EXERCISE DIRECTIONS -
Exact copies of the lines below, from the one with "スープカレーの野菜を電気圧力鍋で煮込む前" up to and including the one with "Nuovo Ford Transit", are what this calls for; leave out pictures.

SOURCE DATA -
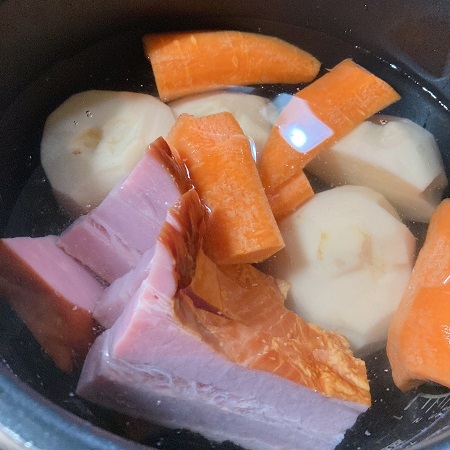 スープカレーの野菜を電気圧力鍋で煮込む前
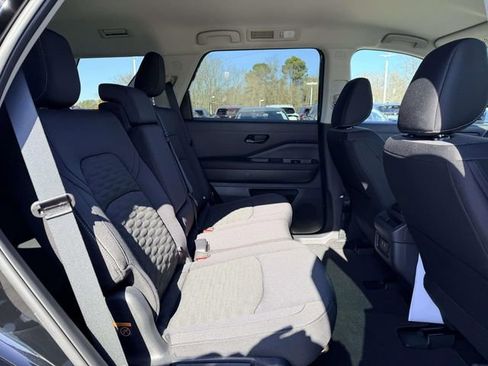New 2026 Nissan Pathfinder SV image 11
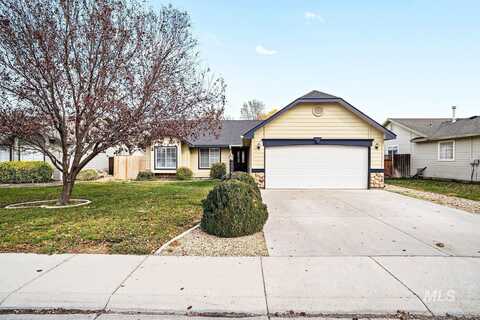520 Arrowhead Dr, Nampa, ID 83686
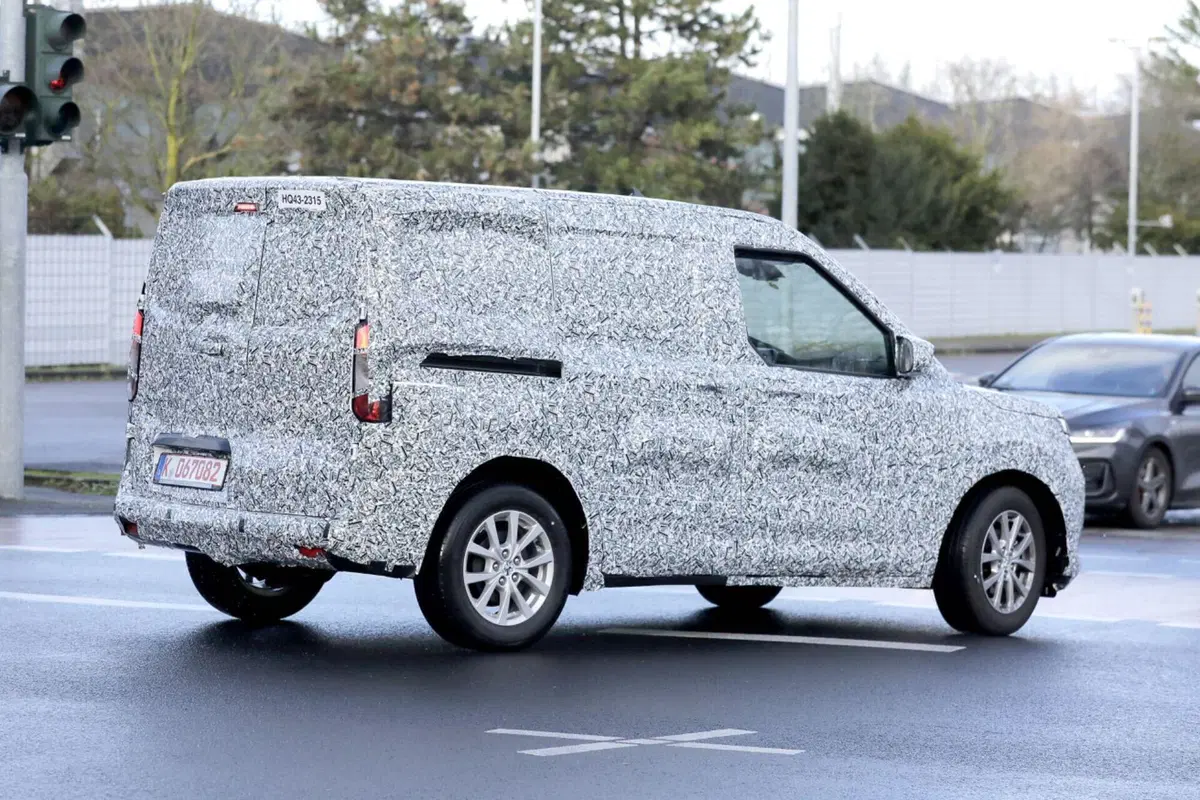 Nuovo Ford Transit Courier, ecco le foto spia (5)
--
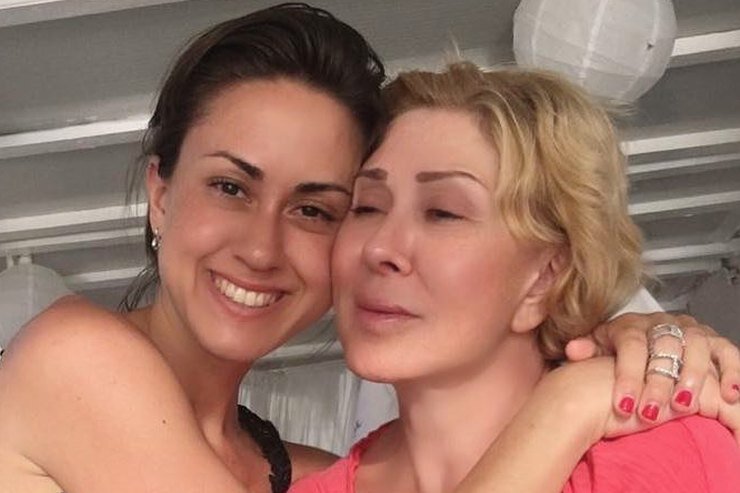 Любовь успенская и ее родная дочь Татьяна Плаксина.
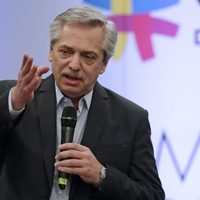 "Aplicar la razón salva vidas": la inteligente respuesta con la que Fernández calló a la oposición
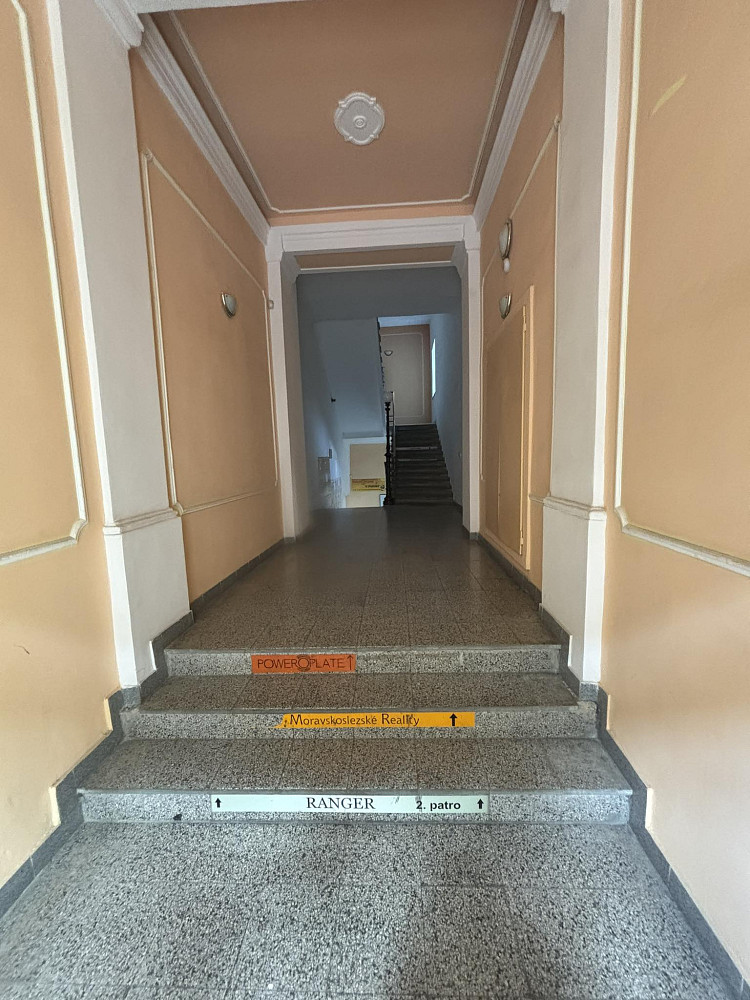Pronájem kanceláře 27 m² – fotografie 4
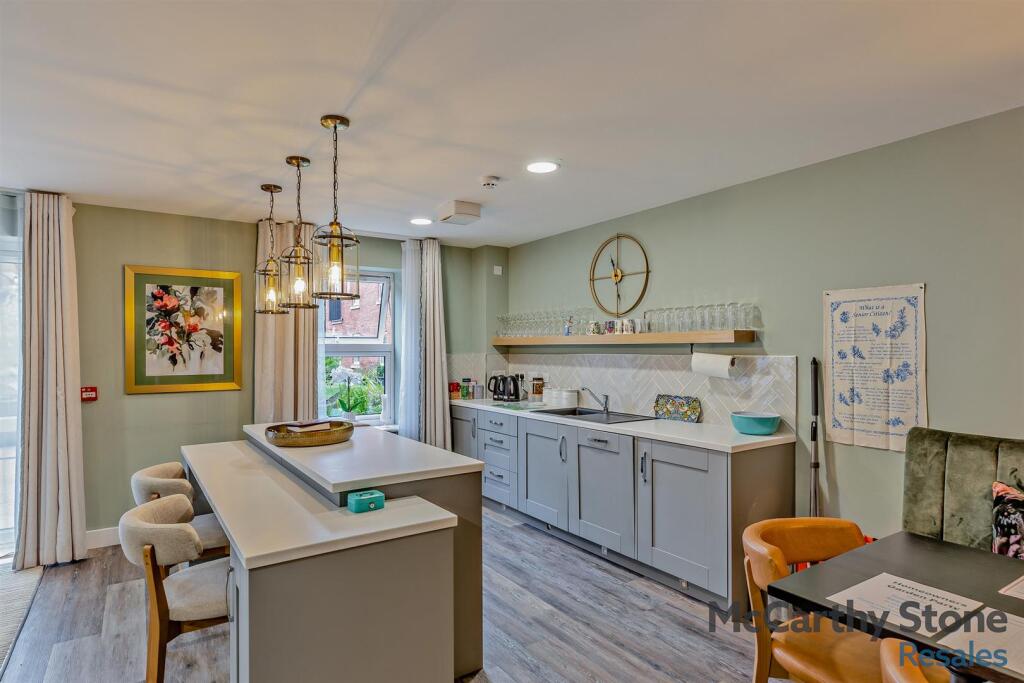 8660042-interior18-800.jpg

WORKED SOLUTION -
 スープカレーの野菜を電気圧力鍋で煮込む前
New 2026 Nissan Pathfinder SV image 11
520 Arrowhead Dr, Nampa, ID 83686
 Nuovo Ford Transit Courier, ecco le foto spia (5)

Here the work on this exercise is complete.